Dressing the Part (1)

The attention lavished by members of the viewing public and the newspaper industry on those who appear regularly on the television screen has developed into something approaching an international pastime. Such is the level of interest, gossip and comment, it has become possible to believe that discussion about almost any night’s television news centres as much on what the main female presenter was wearing–and speculation as to what it might have cost–as on programme content.

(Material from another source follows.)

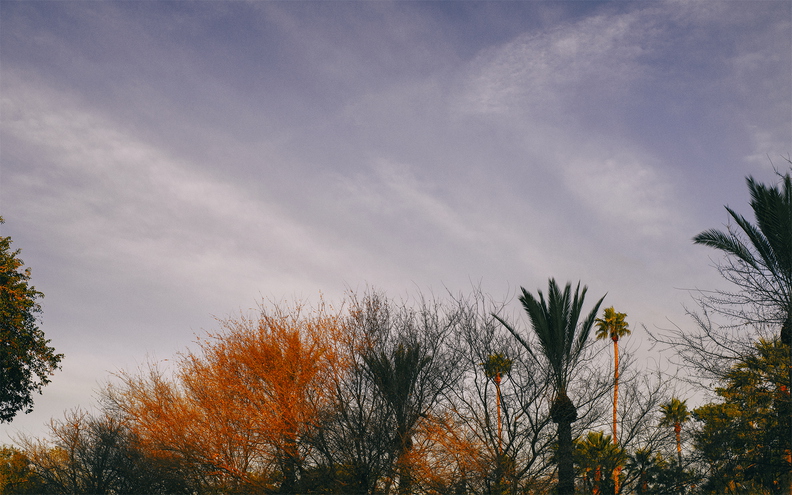 Morning_light_palm_trees.jpg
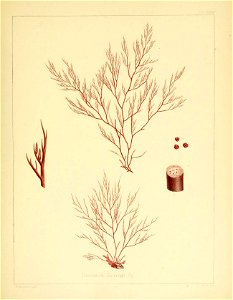 n376_w1150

Keeping the audience’s attention

Dress should not be important, but it is, because an audience concentrating on a frilly blouse, a plunging neckline or a tie with a curious motif will be distracted from what is being said. And that audience, once distracted, is lost to the reporter and the programme. So it is essential that what the reporter/presenter wears is both unremarkable and appropriate for the occasion. Extrovert clothes may be acceptable for a programme aimed at a teenage or fashion-conscious audience, not for the main mid-evening news. While a safari-style suit may look right for reporting from the scene of a jungle war, it would scarcely do for conducting a formal studio interview with a leading politician. Similarly, the ‘office’ suit and tie is out of place in the jungle. In both cases, common sense and good manners will offend neither the interviewee nor the viewer, who in most countries is surprisingly easily offended by lapses from what he or she understands as accepted standards of behaviour.

Programme dress rules

Programmes sometimes impose their own styles of dress on their performers as part of a co-ordinated ‘look’ intended to create the overall tone they wish to impart to the viewer: for example, reporters and presenters on breakfast shows may be required to wear sweaters or other casual clothes to fit in with the easy chairs and coffee tables surrounding them on the set; an evening news programme may seek to create an entirely different atmosphere by putting its talent into more formal wear and an austere set; others are known to make it mandatory for on-screen performers to wear company ‘uniform’, and so on. At the same time, common sense dictates that a reporter arriving first at the scene of a major breaking news story should not risk missing it by taking time to change into programme-style clothes.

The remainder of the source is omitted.